張愛玲那年人在異鄉,卻在多倫多的櫥窗看見上海,於是衝動買了幾個夾餡的酥皮捲,那手藝自然比不了飛達咖啡館;從前父親總帶她去那裡挑點心,她喜歡栗子蛋糕,而他愛酥皮捲,父女隔閡了一輩子,到末了還是想念,也拎不清是愛還是恨。而多年前的電視劇《人間四月天》,陸小曼在徐志摩離世後洗淨鉛華,有日在街邊買了些糖栗子,她剝了一顆後,悵惘抬頭;原來某年冬天他們一起吃栗子,天空忽然飄下瑩瑩的雪,她曾歡喜地伸出掌心,如今卻盛了個寂寞。
我不善於剝栗子,每每用蠻力在中間按壓出裂縫,再左右扳開,還以為老闆附的塑膠片是湯匙,殊不知那就是開殼的鑰匙;答案一直在身邊,但總要找得筋疲力竭,我凝視著栗腹那道縫隙,有些事還燙,就不急著剝開了。

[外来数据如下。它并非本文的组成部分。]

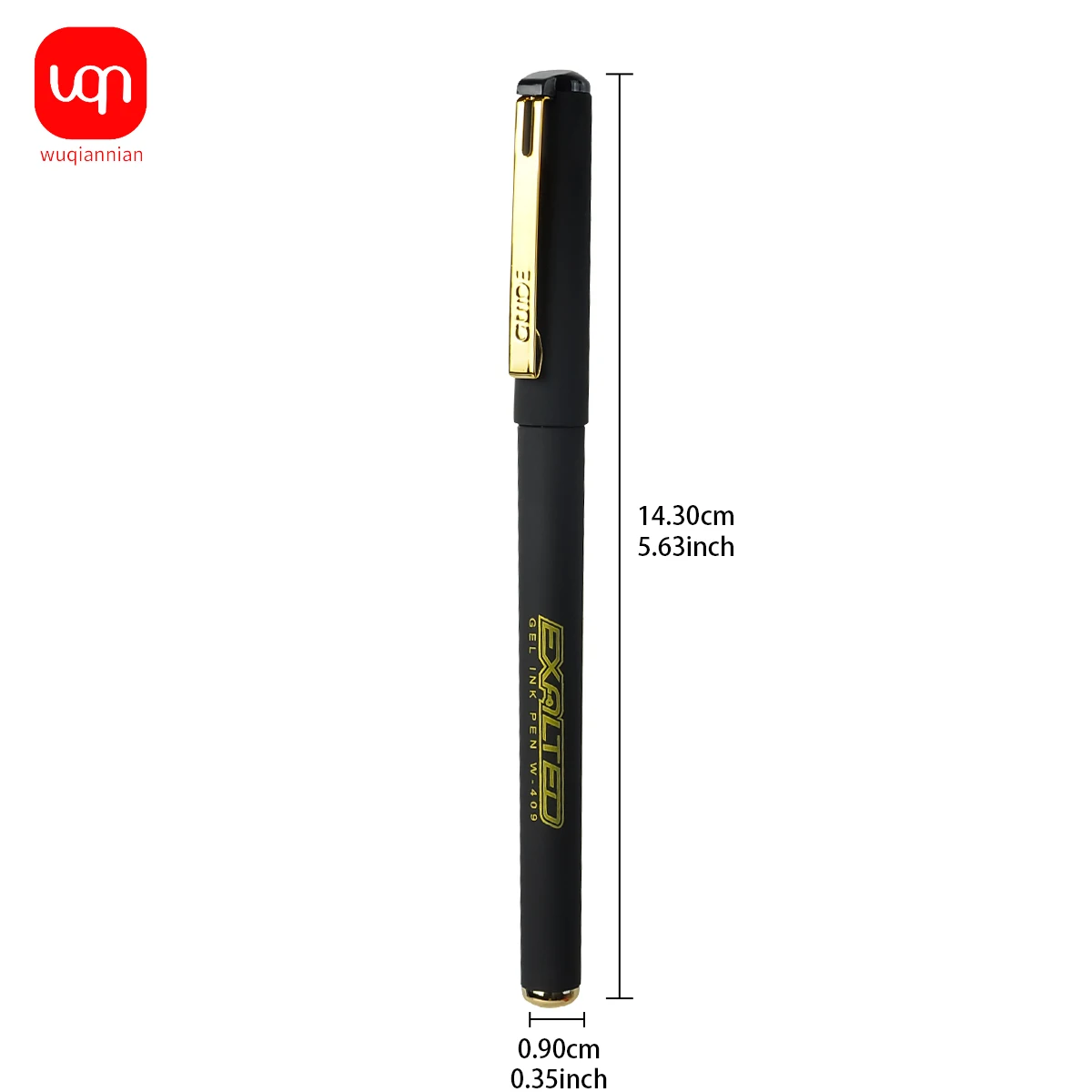 قلم جل ذو سعة كبيرة من WQN، طرف 0.5 مم، حبر أسود، كربون، مستلزمات التوقيع المدرسية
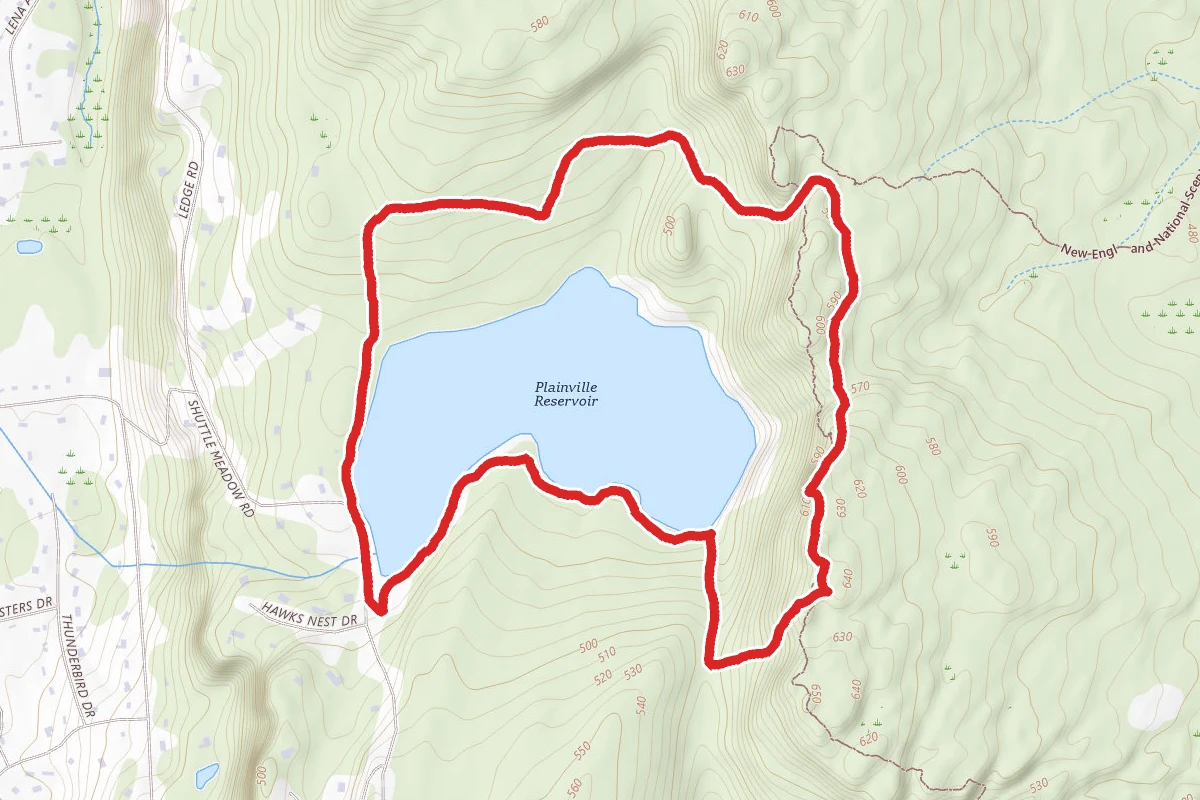 Crescent Lake and Metacomet Trail Loop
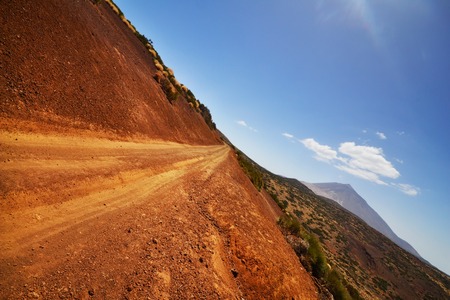 National park of Teide in Canary island of Tenerife, Spainの写真素材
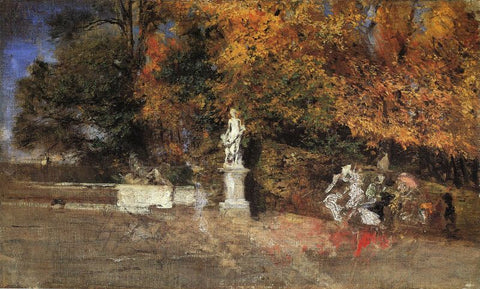 LAllee des rois a Versailles by Giovanni Boldini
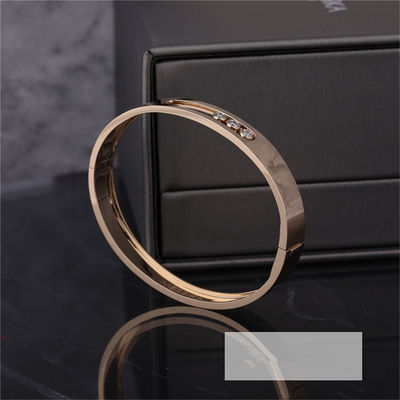 Kalite 18 Ayar Sarı Altın Luxury Jewelry Move Noa Pırlanta Bayan Bileklik fabrika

或許也有不變的事,如蝴蝶黃、桂花馥郁,每逢金秋就報到,若拿桂花蒸栗子該有多香?文學也是耐放的,愈久愈經典,《詩經》云:「東門之栗,有踐家室。」女子思念住在栗子樹下的男人,他並無回應,像板栗那樣有刺苞、帶硬殼,不讓人接近,但詩永恆了。古書說栗子忠誠,既種下就不能移栽,它認家,不能離開故土,現代移植當然沒問題,只是一步一回頭罷了;游子去無定處,但都擁有同樣的想望,南宋陸游一邊吃著炒栗子,隨即「喚起少年京輦夢」,青春和故鄉是蜜糖,又甜又牽絲,而現實就像粗礪的沙,兩者「嚓嚓」地炒成一鍋人生,雖不容易吃,但總能烘暖某些寒夜。
每當我想要溫暖自己的時候,就做一鍋香菇栗子炊飯,不怕麻煩時先把食材炒出香氣後再炊煮,發懶時就和白米、昆布、醬油、味霖一起下電鍋,外鍋一杯水,等開關跳起再燜十分鐘即可;吃米飯,賞秋味,夏天清苦,好在此刻甘美。至於曾需要小攤車指引方向的弟弟,現在更相信導航系統,等待的對象也換成了女兒,我們再也不擔心他會迷途了。